A imagem que eu faria agora é que a água chegou à temperatura da fervura e está se transformando em vapor. Nós não podemos exatamente dizer pra que lado vai esse vapor ou como ele vai se desenvolver, se vai voltar para o estado líquido ou vai se dispersar no ar, ou vai queimar em algum lugar, mas é uma nova situação mundial. E eu quero explicar isso não tanto pra executiva, mas também pra executiva. Eu creio que vai ser importante na preparação do nosso congresso porque nós temos uma enorme quantidade de militantes novos que não conhecem, digamos, corretamente, os meandros da história e da luta de classes no século anterior e até agora.

Então eu queria começar, quer dizer, continuar dizendo, que se trata aqui exatamente disso. Em 1945 nós tivemos, ao final da Segunda Guerra Mundial, o que se chamou “A Ordem de Yalta (na Criméia) e Potsdam (na Alemanha)”, duas conferências promovidas por Roosevelt, Stalin e Churchill que estabeleceram o que eles chamaram de “ordem mundial”.

A Ordem de Yalta e Potsdam significava o acordo contrarrevolucionário entre a União Soviética, que tinha com o Exército Vermelho derrotado o nazismo e o fascismo, e o imperialismo norte-americano, que entrou na guerra tardiamente  deixando durante um bom tempo que a Europa, em particular a Inglaterra e a França, se esvaísse financeira e economicamente. Depois, quando o exército russo virou a guerra a partir de, mais ou menos, Stalingrado, da Batalha de Kursk, mas basicamente Stalingrado, que foi em direção à Berlim, os Estados Unidos entraram na guerra mandando diretamente as tropas, já no meio da guerra. Afinal, eles não podiam deixar o Exército Vermelho derrotar o nazismo e ocupar toda a Europa.
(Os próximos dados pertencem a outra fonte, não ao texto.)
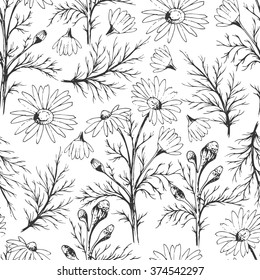 Seamless pattern with medical plants. Chamomile. Hand drawn. Vector illustration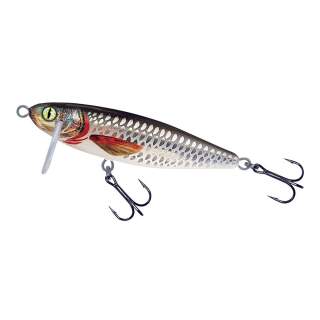 Roach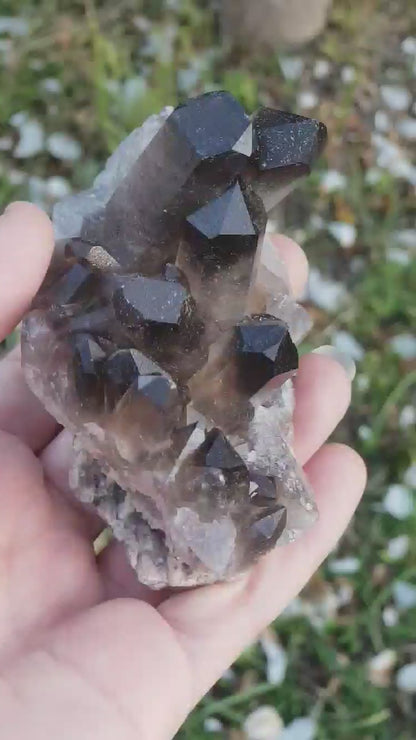 Smoky Quartz Cluster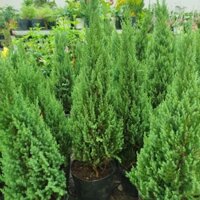 Cây Sơn Tùng ( cao 60cm ) hàng đẹp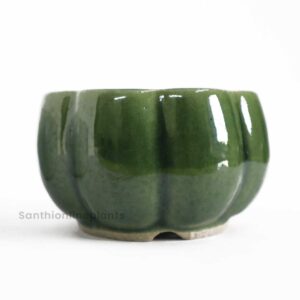 Pumpkin Bonsai Green (small)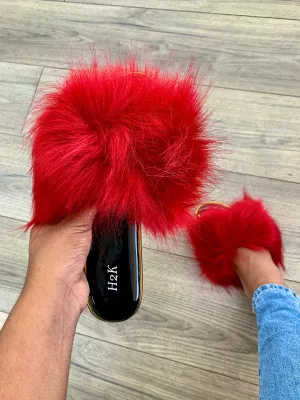 NOVA - RED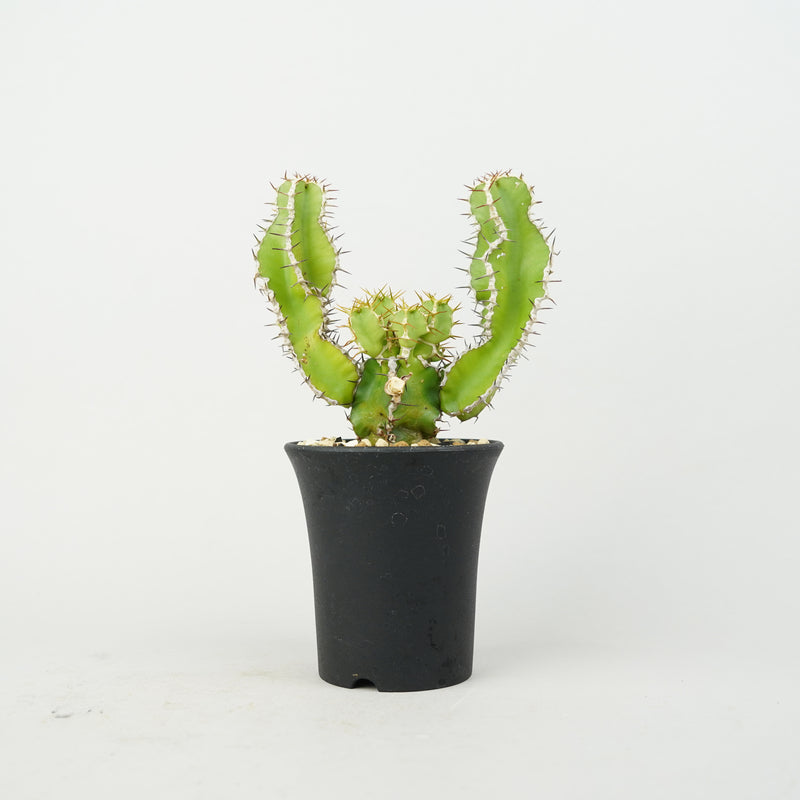 ユーフォルビア・ムランジーナ「Euphorbia Mlanjeana」/EU0164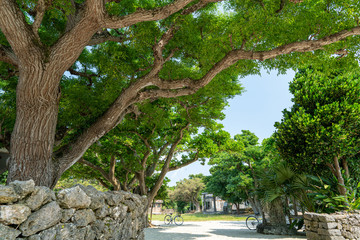 竹富島の世持御嶽－種子取祭の場所
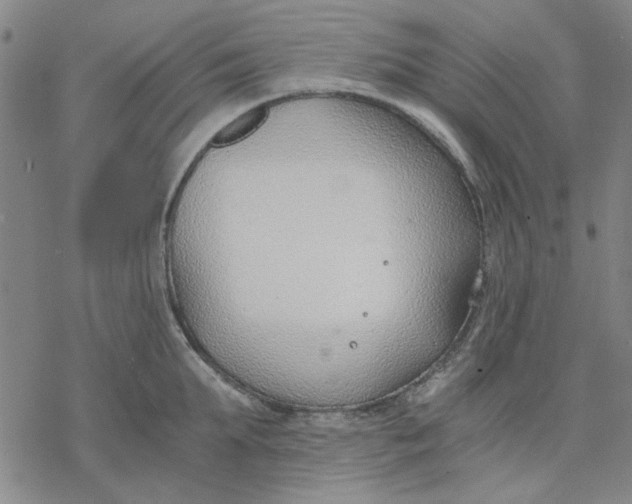 X0000076390903200610271550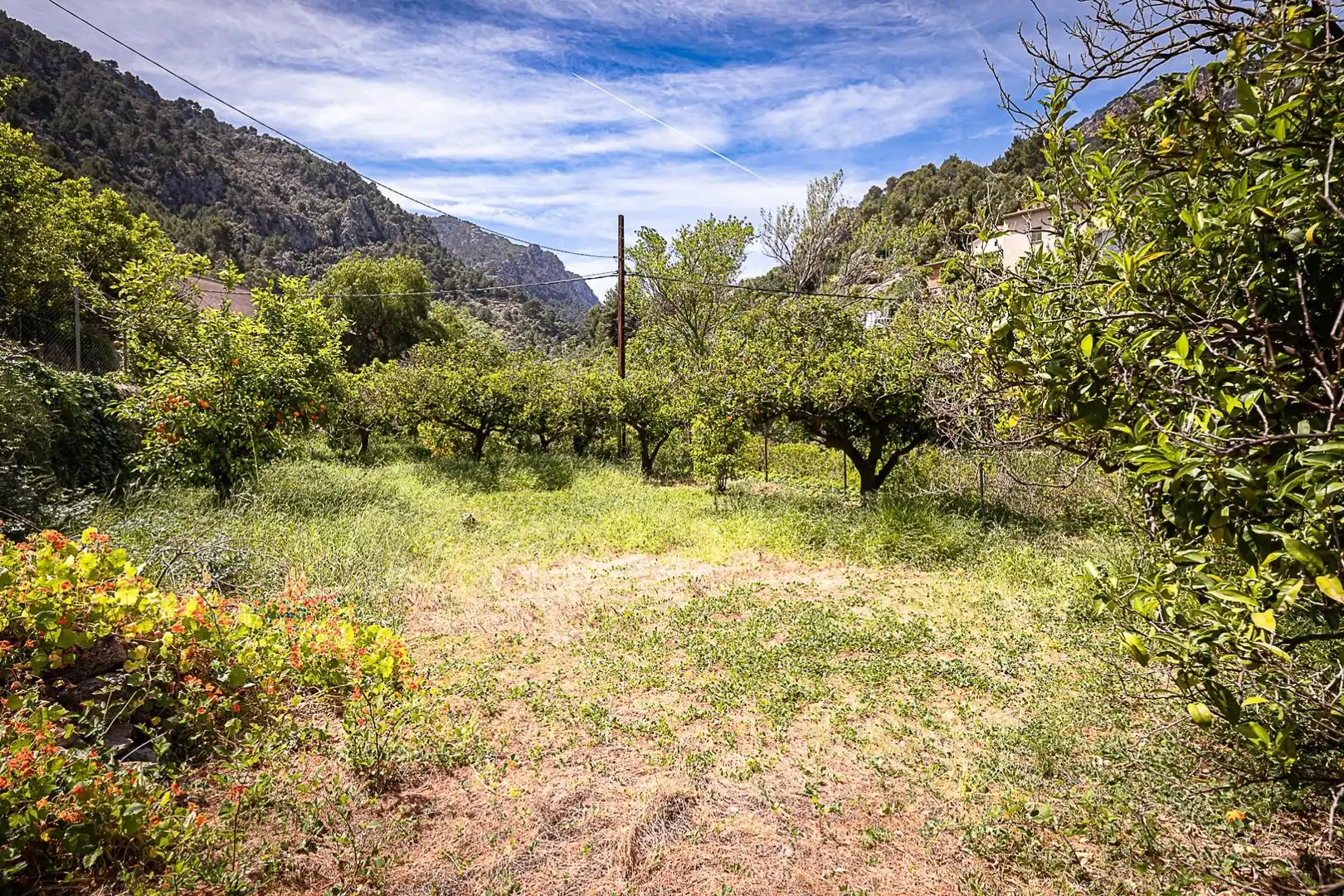 Finca rústica en venda en Sóller amb Terrassa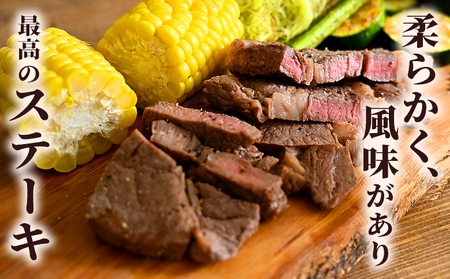 ＜熟成肉 はなが牛 ロースステーキ 5枚（1枚200g）＞ 牛肉 牛 肉 ろーすすてーき ステーキ サーロイン ブランド牛 鉄板焼き 焼き肉 焼肉 バーベキュー BBQ 国産 小分け 特産品 愛媛県 
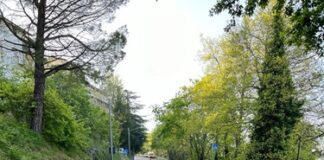 AASLP: completamento del percorso pedonale in Via Napoleone e Via Cella Bella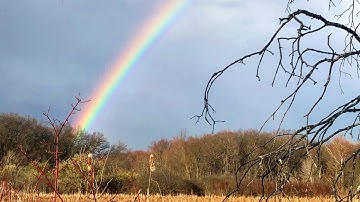 We Will Get Through This Together.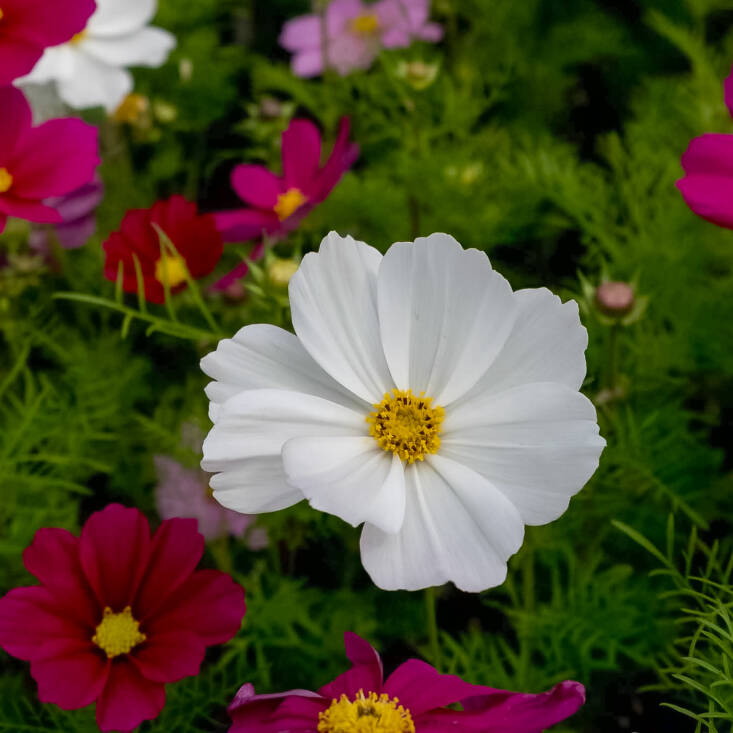Tall and wispy, cosmos add movement in addition to color to your garden. Their feather-like foliage moves in the slightest breeze. Another bonus is they don’t mind the heat and deer don’t like them. In New Jersey, they are planted on highway medians for beautification.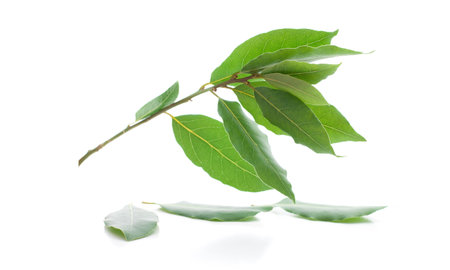 Beautiful branch of laurel isolated on white background. Fresh bay leaves.の写真素材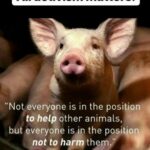 Rashmi Gautam Instagram - #animalwelfare #animalwelfareday2022 #4thoctober #saynotianimalcruelty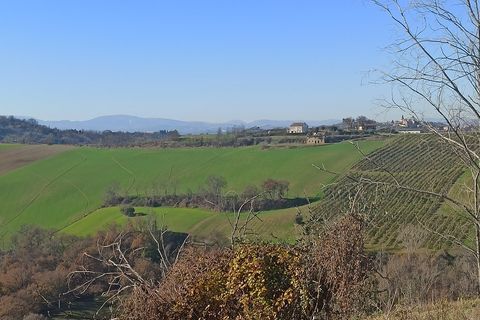 Villa a Monterubbiano, Fermo, Monterubbiano - € 175.000 | Ref: mc1- 40405 - foto 9
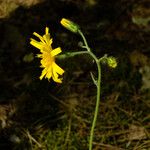 Hieracium glaucinum Floro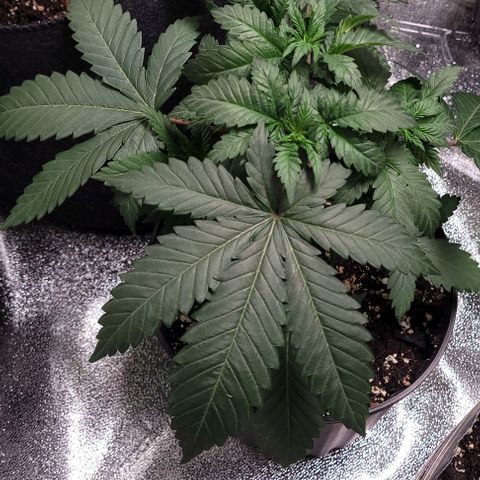 BG growlog photo: 4plants
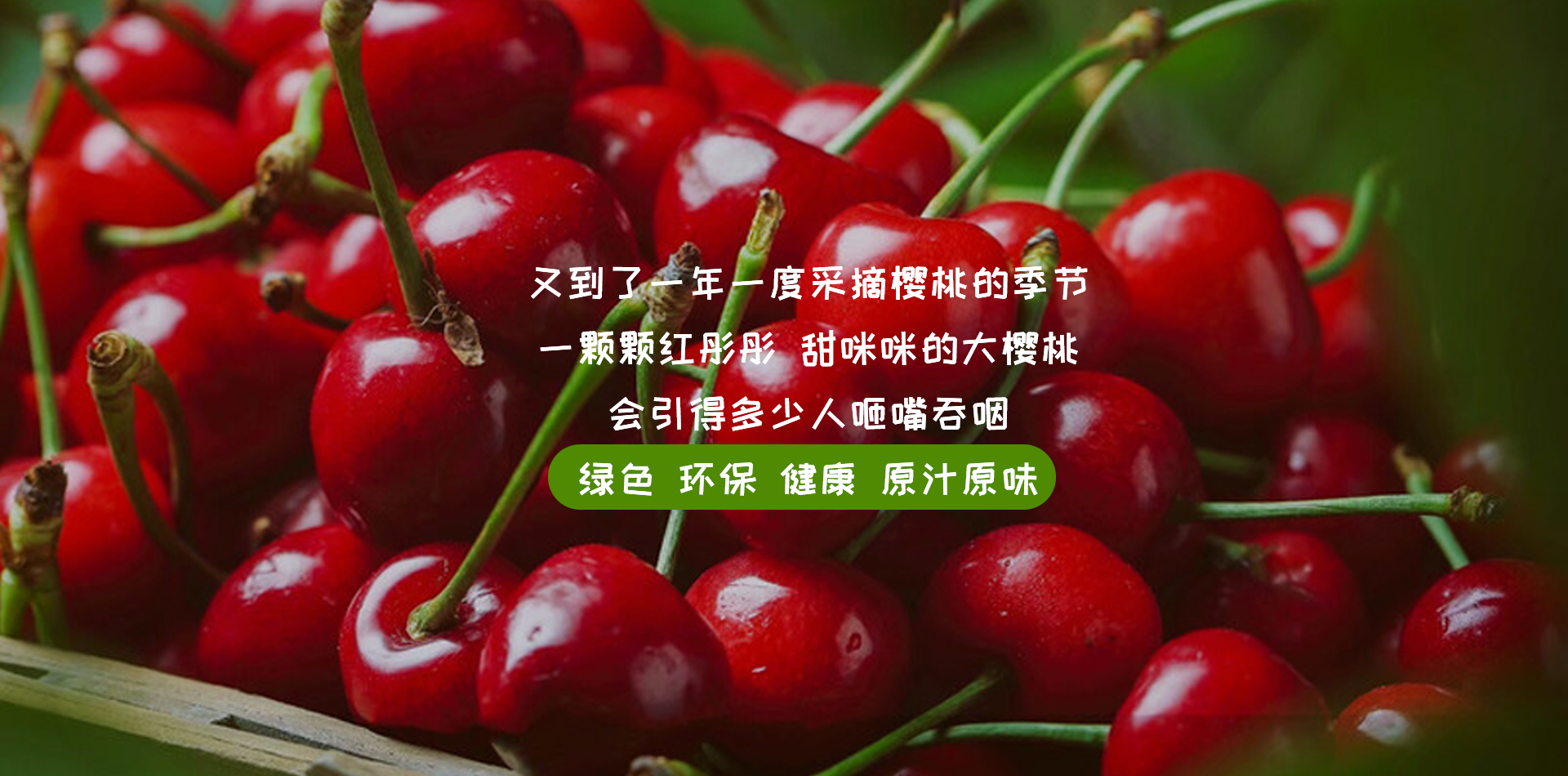 重庆草莓采摘
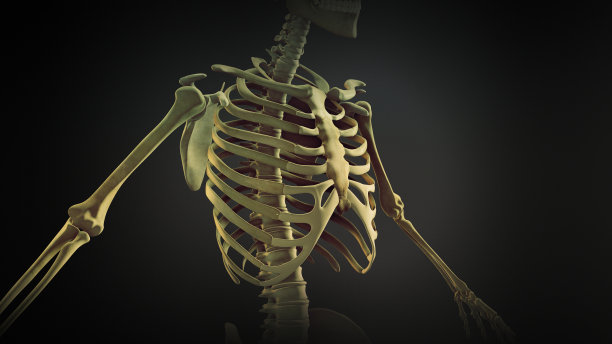 skeleton
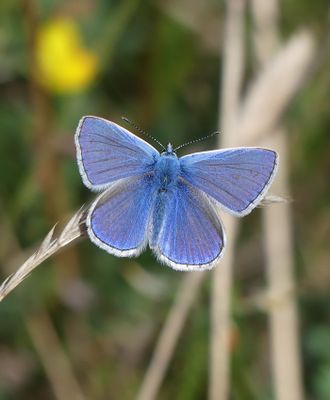 Common Blue (M)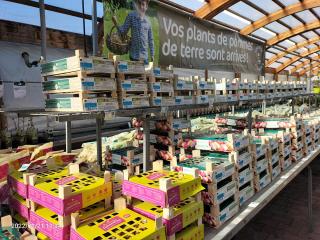 Fleuriste Truffaut-Les Jardins de Provence 0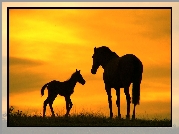 Koń, Źrebak, Zachód, Słońca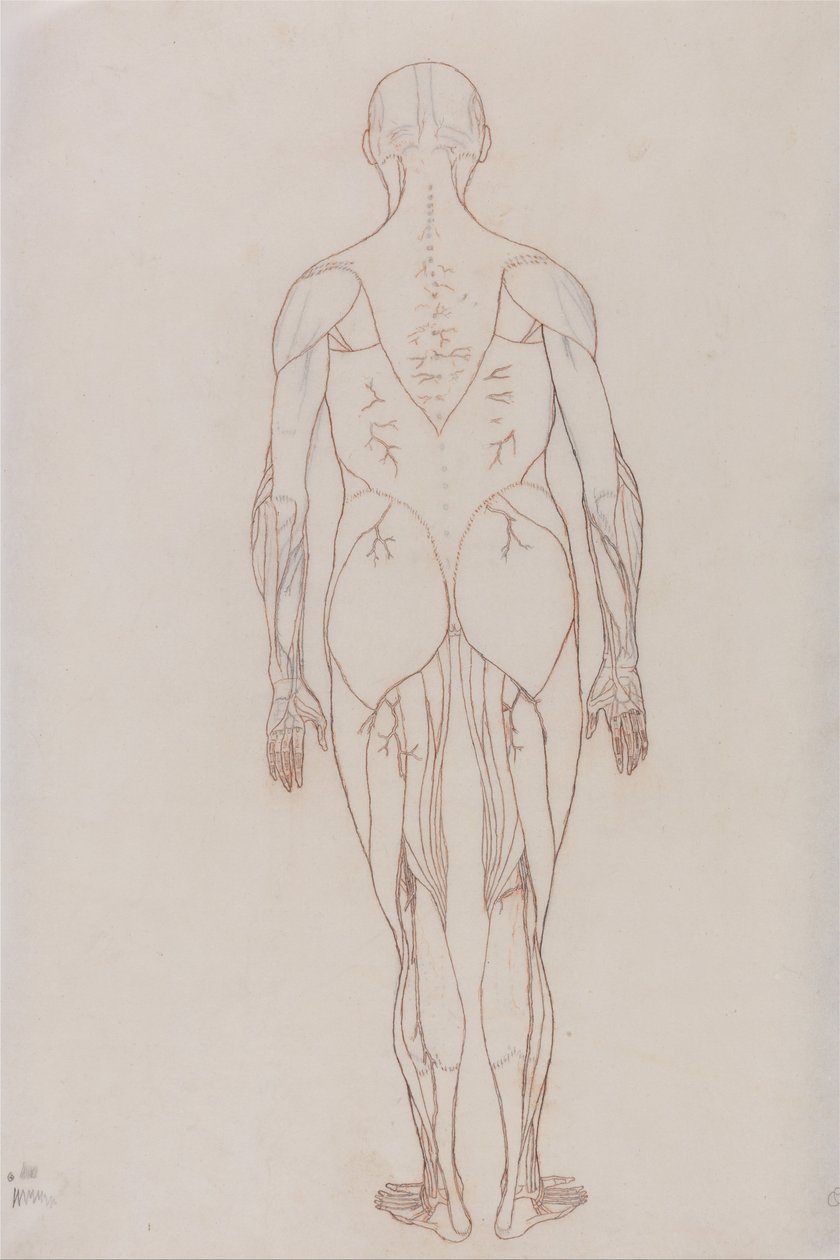 Uma exposição anatómica comparativa da estrutura do corpo humano com a de um tigre e de uma ave comum: Figura Humana, Vista Posterior (Desenho Esquemático para a Figura Chave da Tabela XII) de George Stubbs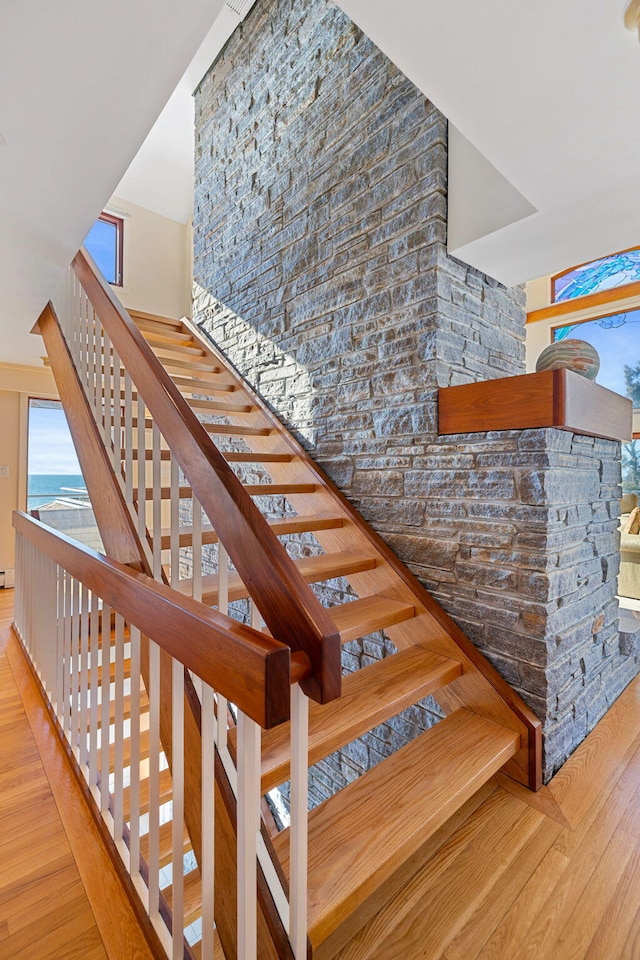 stairs featuring wood finished floors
Em 1944, o acordo de Yalta e Potsdam foi uma divisão traidora feita por Stalin, também com objetivo de sufocar o impulso da revolução que vinha da Ásia à Europa, onde se dividiu a Alemanha ao meio e se decidiram as zonas de influência do mundo, que, aliás, já estavam dadas pela luta. Todo o leste europeu já estava ocupado pelo exército vermelho e não havia mais burguesia na maioria desses países, na Eslováquia, na Hungria e tal, porque ou eles tinham fugido do nazismo ou eles tinham colaborado com o nazismo. Eslováquia e  Hungria colaboraram com o nazismo e os da Polônia fugiram para Inglaterra. O resultado disso é que ao final da guerra não tinha burguesia para retomar os meios de produção.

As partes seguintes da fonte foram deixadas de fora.